The organisation taking care of the 200th Anniversary of Waterloo, which is in June this year, have put out a request for descendants of anyone who was on the Waterloo battlefield to submit a short piece about their ancestor and their life.
So I’ve sent them a piece about my ancestor, William Fraser, who received gun shot wounds during the Battle of Waterloo on 18th June 1815. It reads as follows, and will be published on the Waterloo 200 web site at http://www.waterloo200.org
Private William Fraser 92nd Regiment of Foot (Gordon Highlanders)
Ensign William Fraser was born in Cruden, Aberdeenshire in January 1778, son of Sergeant Donald Fraser of the 92nd Foot. William Fraser was my great great great great grandfather: in 1805, with the daughter of a local crofter, he fathered an illegitimate son who was also named William Fraser.
Shortly after the birth of his son, William Fraser enlisted with the 92nd Foot.
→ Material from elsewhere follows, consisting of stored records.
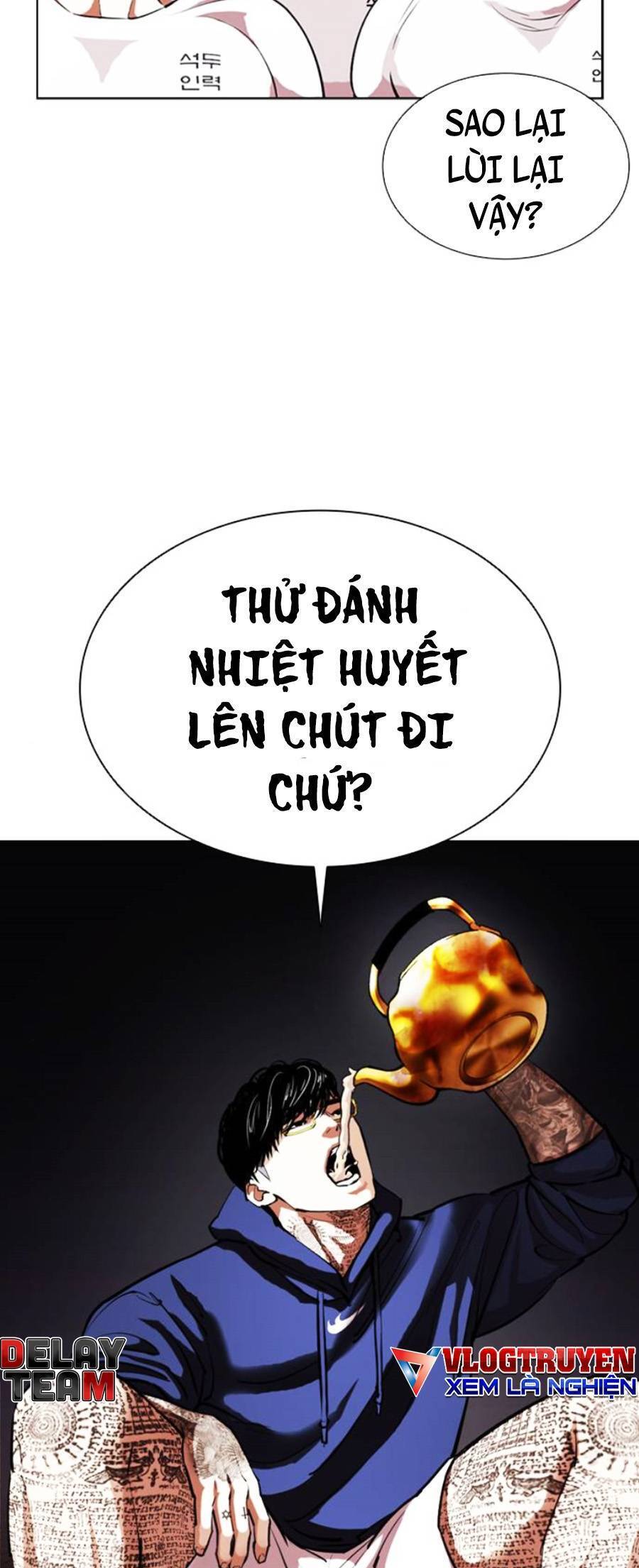 Hoán Đổi Diệu Kỳ Chap 407 - Next Chap 408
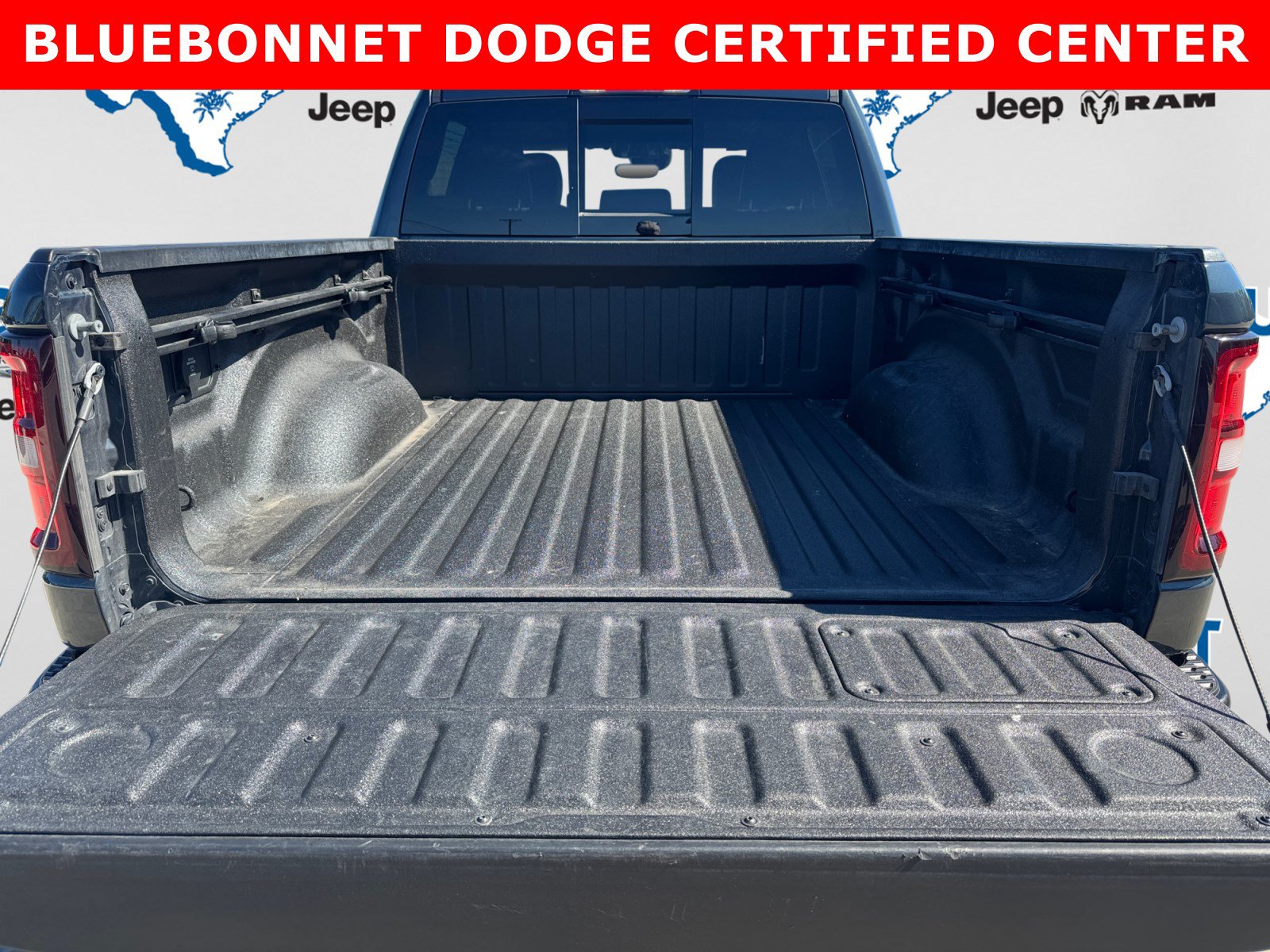 Used 2025 RAM 1500 Rebel w/ Rebel Level 2 Equipment Group AWD/4WD image 21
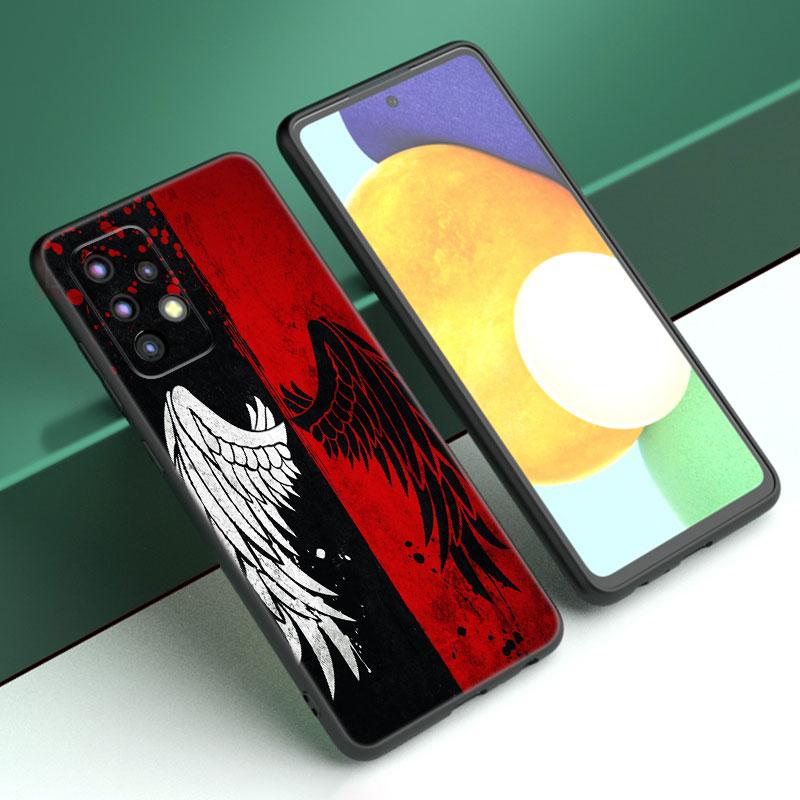 Чехол Devil Bad Boy Anime для Samsung Galaxy A04 A21 A30 A50 A52 S A13 A14 A22 A23 A32 A53 A73 5G A11 A12 A31 A33 A51 A70 A71 A72 Samsung A04 4G
Чехол Devil Bad Boy Anime для Samsung Galaxy A04 A21 A30 A50 A52 S A13 A14 A22 A23 A32 A53 A73 5G A11 A12 A31 A33 A51 A70 A71 A72 Samsung A04 4G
His entry in the Peninsula War Medal Roll states he served from 1807 to 1814 and saw action in Vittoria, Pyrennes, Nivelle, Orthes, Toulouse and Salamanca. An entry in the regiment diary for 10th November 1813, at the line of the Nivelle, records that Ensign William Fraser was among the wounded. His 1816 discharge papers state that Private William Fraser “in consequence of gun shot wound received in the left hip joint, right thigh and left arm, while in action with the enemy at Waterloo on the 16th and 18th June 1815, is rendered unfit for further service”. According to his discharge papers, William Fraser was “5ft 8ins tall with fair hair, grey eyes and a fresh complexion, and by trade is a labourer”.
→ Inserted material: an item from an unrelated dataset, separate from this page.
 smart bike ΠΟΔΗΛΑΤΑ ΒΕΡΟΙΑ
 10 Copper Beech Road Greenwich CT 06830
After his discharge William returned to Aberdeenshire. The mother of his illegitimate son had by then married but there are indications he was in contact with his son throughout his life. In 1819 he married Isabella Fraser at Peterhead, but there is no evidence they had children. By 1841, William and his brother John, both army pensioners, are living with their brother Andrew Fraser and his family near Peterhead. William was to spend the rest of his life with his brother’s family on their small croft. He died in 1864, aged 86.
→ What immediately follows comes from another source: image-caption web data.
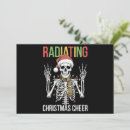 Buscar skeleton tarjetas Navidades
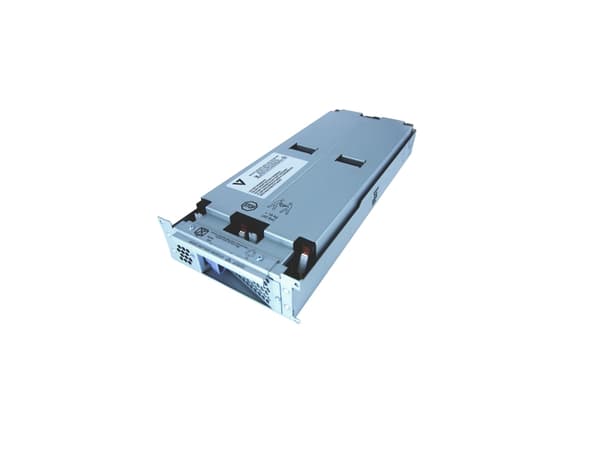 V7 RBC43-V7-1E - UPS-batteri (tilsvarer: APC RBC43) - 1 x batteri - blysyre - 48 Ah - for P/N: SMT2200R2I-AR, SMT2200RMI2UC, SMT3000R2I-AR, SMT3000RM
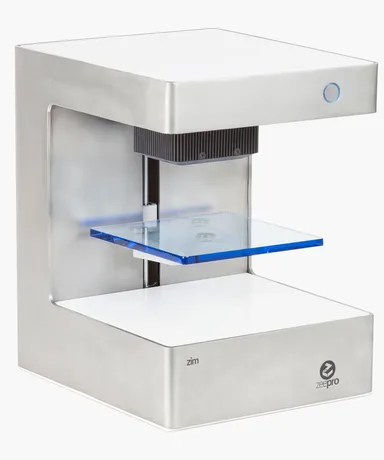 本体：シルバー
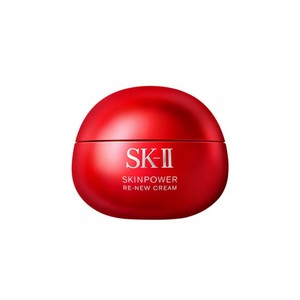 エスケーツー スキンパワー リニュー クリーム 50g / SK-II / スキンケア
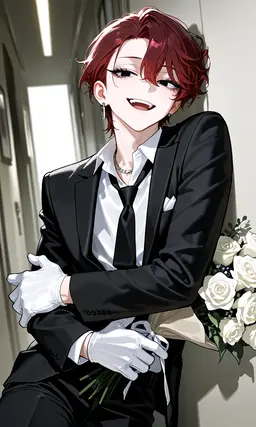 Profile image of Tsukasa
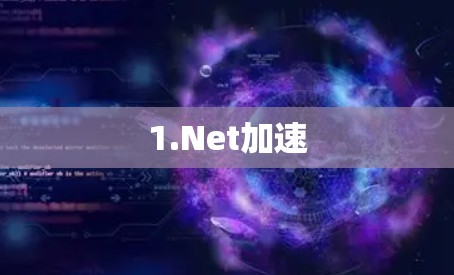 1.Net加速
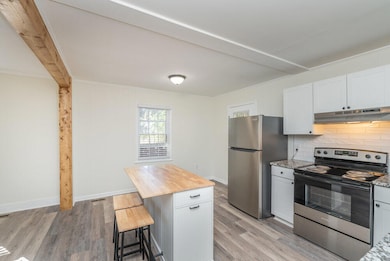 306 Crystal Lake Dr, North Augusta, SC 29841 - photo 7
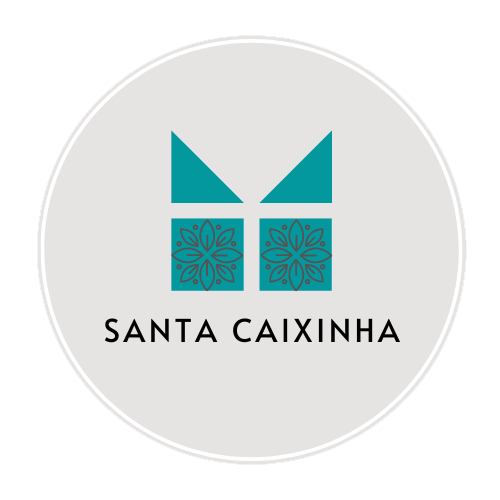 Santa Caixinha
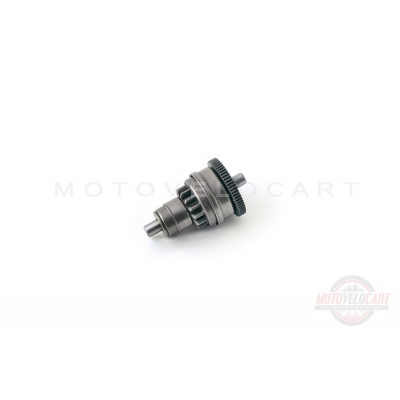 Бендикс 4T GY6 50 (mod A) JH, шт Бендикс 4T GY6 50 (mod A) JH, шт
William Fraser’s illegitimate son William became a crofter near Hatton, south of Peterhead, where he lived next door to the grandson of his uncle John Fraser.
Almost 100 years later, my grandfather James Fraser, great great grandson of William Fraser, enlisted with the Gordon Highlanders and served in World War 1: he survived but was wounded at Beaumont Hamel during the Battle of the Somme.